– Mataram a Xuxa – disse-nos meu tio no domingo de Páscoa.
De início, pensamos se tratar de mais uma das pegadinhas inocentes que ele costuma fazer. Mas vimos sua dificuldade para continuar. De algum modo, a garganta travou e os olhos se umedeceram.
Meu tio é um pequeno sitiante, expulso de suas terras por bandidos há uns quinze anos. Numa noite, cercaram em dois ou três a casa onde ele morava com minha tia. De fora, ameaçavam matá-los, começaram a forçar uma das portas.
Ele pegou uma velha carabina, enfiou no buraco da fechadura e mandou chumbo. Os ladrões fugiram. Meu tio e minha tia, também.
Agora, depois de ter sido escorraçado do lugar onde nasceu, enfrenta outras adversidades. Atacam as poucas cabeças de gado que vivem lá. A Xuxa era uma delas.
Malhada e mansa, gostava que lhe fizessem carinho nas grandes orelhas. Já era uma vaca de estimação.
Mataram provavelmente para vender a carne a comerciantes coniventes com bandidos que lhes entregam mercadorias cuja procedência não parece importar a seus objetivos mercantis.

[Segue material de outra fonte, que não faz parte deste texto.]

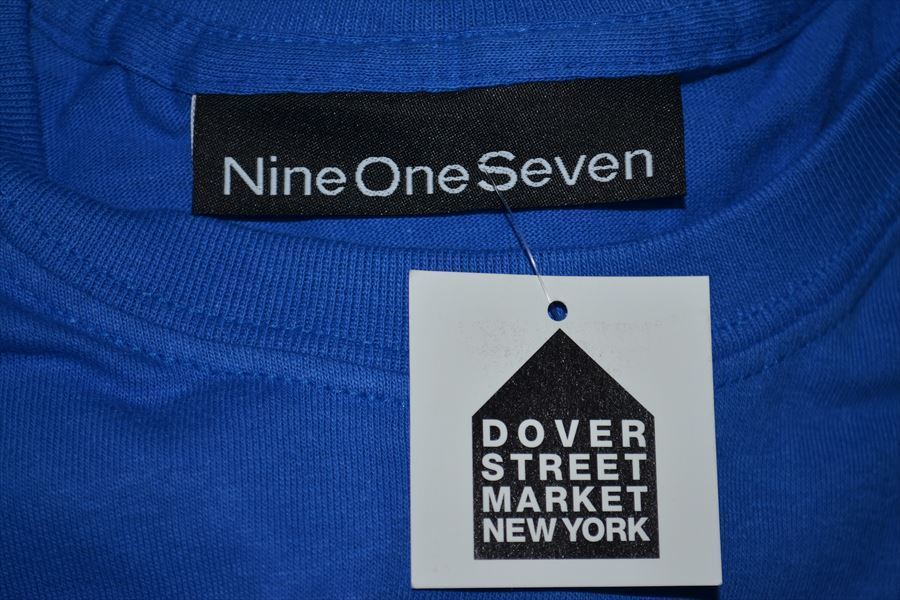 na in one seven 917 Nine One Seven short sleeves T-shirt L I0045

Um país tipicamente agrícola deixa os pequenos proprietários rurais ao deus-dará. É a grande farsa sustentada por governos e mais governos. Os números são frios. Mostram ano a ano a imponência de grandes safras. Grandes safras que, a exemplos de outros setores da produção nacional, pertencem a meia dúzia.
O grosso da legião de teimosos heróis que continuam acreditando na terra foi jogado a um submundo onde restam poucas alternativas que não sejam o arrendamento para as usinas de cana de açúcar ou o risco de ver tudo levado pelos ladrões.
No fim, meu tio conseguiu conter a emoção e concluiu o relato sobre a morte da Xuxa.
De lembrança da vaca, no meio do pasto, sobre a grama verde, só ficou a mancha vermelha do banho de sangue.